How Antipads Affect Signal Integrity in Your Multilayer PCB

Zachariah Peterson
|  Created: November 17, 2020
How Antipads Affect Signal Integrity in Your Multilayer PCB

Antipads on vias and landing pads are a point of contention in modern PCB design, and the debate around the use of these elements in a multilayer PCB is framed as a binary choice. Like thermal reliefs, ground plane splits, and orthogonal routing, the debate around antipads on landing pads and vias is framed as an always/never choice. With today’s modern PCBs, it pays to understand the effects of antipads on signal integrity.

Antipads and Signal Integrity

When it comes to signal integrity, be careful with application notes from component manufacturers, and always validate what you see from well-understood concepts. If you look at some component application notes, they will recommend placing antipads on landing pads without explanation. In addition, different notes will tell you precisely the via antipad diameter you should use, but it is easy to take this out of context. Let’s look closely at these two situations and how the structure of a via/pad + antipad can lead to signal integrity problems.

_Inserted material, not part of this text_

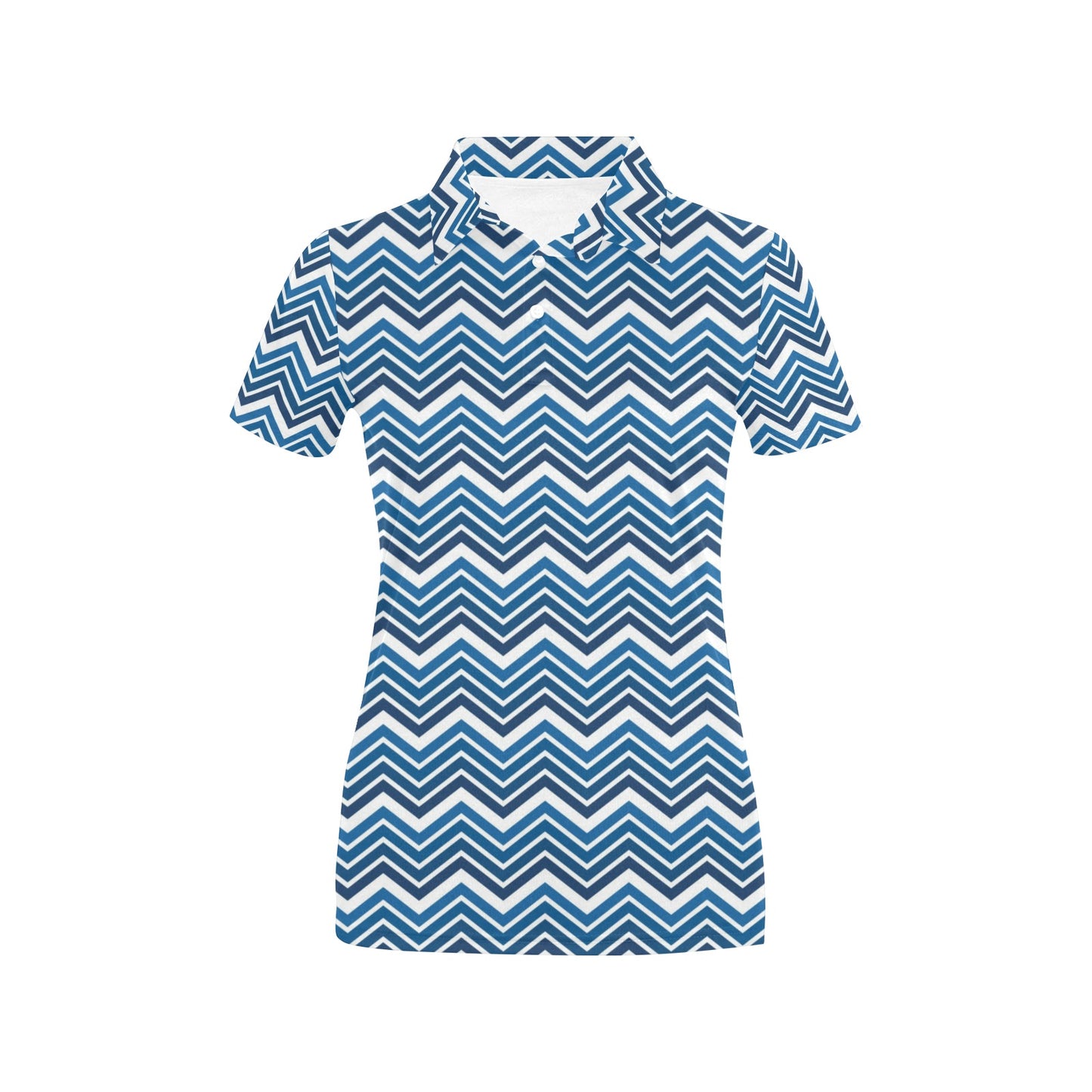 Chevron Print Design LKS403 Women's Polo Shirt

How to Model a Via and its Antipads

A via antipad is applied automatically by your CAD tools based on your clearance rules anytime you use a plated-through hole to transition through a solid plane. If you’re routing through a plane layer, your options are to completely remove a large section of the plane around the via or encircle the via in the remaining conductor to create an antipad. No matter what happens, there must be some void between the via wall and any planes in order to prevent shorting.

At this point, if you’re routing through a solid plane, the question is not whether you should use a via antipad or cut away the plane around the, but rather how large should the antipad extend past the via pad and any internal nonfunctional pads. Like many potential problems in high speed design, all vias have parasitics:

  • Inductance. A via taken in isolation is basically an inductor, and the inductance of the via depends on the via aspect ratio.
  • Capacitance. The presence of the plane around creates some parasitic capacitance between the via pads and ground.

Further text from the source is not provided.